Once the thermal health grade has fallen to a certain point,
maintenance may be necessary to prevent further degradation of the
thermal health of the electronic device and possible irreparable
damage. Furthermore, the system 500 may be used to determine if the
intervention was effective at improving the thermal health of the
electronic device.
[0046] The system 500 may also include a display 526. The display
526 may be a touchscreen built into the device. For example, the
touchscreen may include a touch entry system. Alternatively, the
display 526 may be an interface that couples to an external
display. In this example, a human machine interface may couple to
input devices, such as mice, keyboards, and the like. The display
526 may show the thermal health grade of an electronic device. The
display 526 may also show any of the data used to calculate the
thermal health grade, e.g., from data records to z-scores. The
display 526 may further display a recommendation for maintenance if
the thermal health grade is at or below a predetermined
threshold.
[0047] The system 500 may include an input/output (I/O) device
interface 528 to connect the system 500 to one or more I/O devices
530. For example, the I/O devices 530 may include a scanner, a
keyboard, and a pointing device such as a mouse, a touchpad, or
touchscreen, among others. The I/O devices 530 may be built-in
components of the system 500, or may be devices that are externally
connected to the system 500.
[0048] The system 500 may further include a network interface
controller (NIC) 532 to provide a wired communication to the cloud
534. The cloud 534 may be in communication with the data repository
518. The system 500 may communicate with the data repository 518
via the NIC 532 and the cloud 534.
[0049] The block diagram of FIG. 5 is not intended to indicate that
the system for monitoring the thermal health of an electronic
device is to include all of the components shown. Furthermore, the
system may include any number of additional components not shown in
FIG. 5, depending on the details of the specific
implementation.
[0050] FIG. 6 is a block diagram of a system for monitoring the
thermal health of an electronic device. Like numbered items are as
described with respect to FIG. 5. The system may include an
expected temperature predictor 514 and a computation manager 516.

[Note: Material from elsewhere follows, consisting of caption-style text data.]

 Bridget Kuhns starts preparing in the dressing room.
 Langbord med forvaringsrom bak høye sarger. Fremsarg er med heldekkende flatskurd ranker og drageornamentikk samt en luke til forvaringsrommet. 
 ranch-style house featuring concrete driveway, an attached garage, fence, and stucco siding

The computation manager 516 may include a temperature difference
calculator 520, a z-score calculator 522 and a z-score mapper 524.
The components shown in FIG. 6 may perform the same or similar
functions as their counterparts in FIG. 5.

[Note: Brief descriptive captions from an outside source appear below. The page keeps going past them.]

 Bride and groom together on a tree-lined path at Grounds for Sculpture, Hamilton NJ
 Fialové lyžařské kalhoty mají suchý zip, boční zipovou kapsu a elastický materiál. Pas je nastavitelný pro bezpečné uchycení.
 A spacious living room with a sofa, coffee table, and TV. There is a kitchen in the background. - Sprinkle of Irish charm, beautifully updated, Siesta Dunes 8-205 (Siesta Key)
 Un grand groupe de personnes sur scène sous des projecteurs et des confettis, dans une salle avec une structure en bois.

[0051] FIG. 7 is a process flow diagram of a method 700 for
monitoring the thermal health of an electronic device. The method
700 may be performed by the systems shown in FIGS. 5 and 6. The
method 700 may start at block 702 when data is collected from an
electronic device. The data may be collected by data sensors that
detect the temperature of the electronic device and other
parameters that influence the thermal behavior of the device over
time. The other parameters may include CPU usage, fan speed, and
battery usage of the electronic device.
[0052] At block 704, a model may be trained using the data
collected at block 702. Using machine learning, a model may be
trained to predict the temperature of an electronic device based on
CPU usage, fan speed, and battery usage. In particular, the trained
model may be a random forest model. A model may be trained for each
type of device platform or product line.
[0053] At block 706, the trained model may be used to predict the
expected temperature of an electronic device. Inputs to the trained
model may include CPU usage, fan speed, and battery usage. From
these inputs, the expected temperature is predicted. The expected
temperature may be predicted N times using the last N data records
for a particular type of device platform or product line.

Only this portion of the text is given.